6. There is also merit in the appellant's submission the Judge finds the appellant's account inherently improbable and implausible based upon the Judge's own view of the possibility of the events referred to by the appellant occurring. If a Judge considers an account implausible proper reasons must be given for such a conclusion which can, arguably, only be undertaken by assessing the subjective evidence against the available country evidence and based upon reasonably draw inferences rather than conjecture and speculation. A finding that because an alternative approach is more believable and using the same to reject the appellant's own account, amounts to an arguable legal error in the circumstances of this appeal. There is no evidence the required holistic assessment of the evidence was undertaken.
7. Also of concern is the Judge's finding the appellant's account is implausible and lacks credibility partly on the basis of the Judge's own assessment of how a 16-year-old boy will be expected to behave and that, accordingly, the appellant's account of how he did behave is irrational. It is not clear from the determination the basis on which it was concluded a 16-year-old Kurdish boy from Iraq is expected to behave and how the behaviour of this appellant differed, supported by adequate reasons. There is merit in Mr Greer's argument that even if the appellant did not behave in a reasonable manner or a manner that made sense to the Judge that this meant the claim was not true.
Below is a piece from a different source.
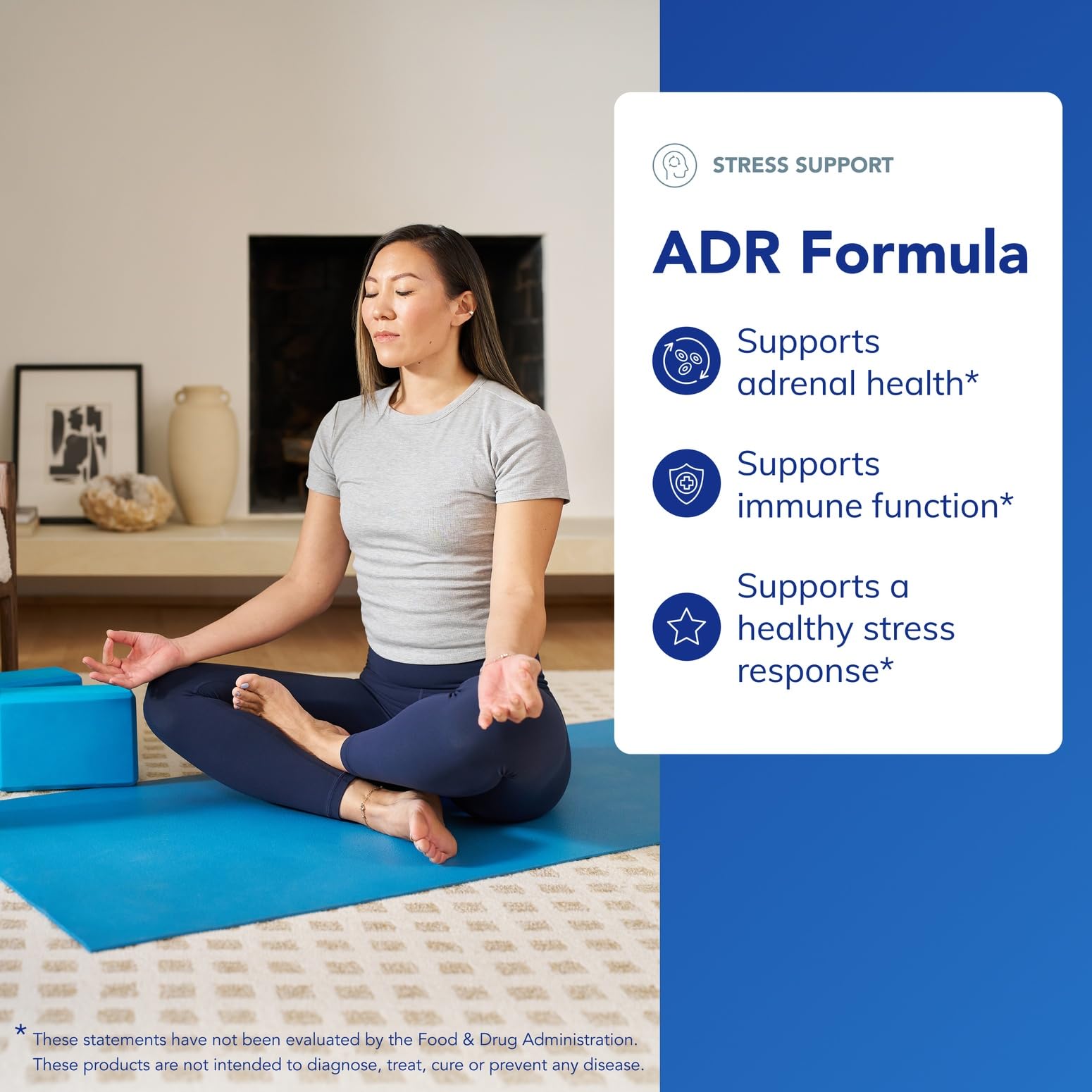ADR Formula capsules poured showing easy daily dosage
The appellant in his witness statement explained why he behaved in the manner he did which Judge does not deal with adequately in the body of the determination.
8. I find when considering matters a whole that the Judge has erred in law in a manner material to the decision to dismiss the appeal such that that determination must be set aside. The failure to properly consider the guidance relating to vulnerable witnesses means the appellant has not had a proper assessment of the merits of his appeal and that the findings made to date are unsafe. There can therefore be no preserved findings.
9. Following discussion it was agreed that as there has been a further country guidance case relating to Iraq since the original appeal was heard and in light of the need for extensive further findings of fact to be made supported by adequate reasons, and in light of the Presidential Guidance on remittal of appeals, this is a case that must be remitted to the First-tier Tribunal sitting at Bradford to be heard afresh, de novo, by a judge other than Judge Myers.
10. The First-tier Judge materially erred in law. I set aside the decision of the original Judge. I remit the appeal to the First-tier Tribunal sitting at Bradford for a heard of fresh, de novo, by a judge other than Judge Myers.
11. The First-tier Tribunal made an order pursuant to rule 45(4)(i) of the Asylum and Immigration Tribunal (Procedure) Rules 2005.

I make such order pursuant to rule 14 of the Tribunal Procedure (Upper Tribunal) Rules 2008.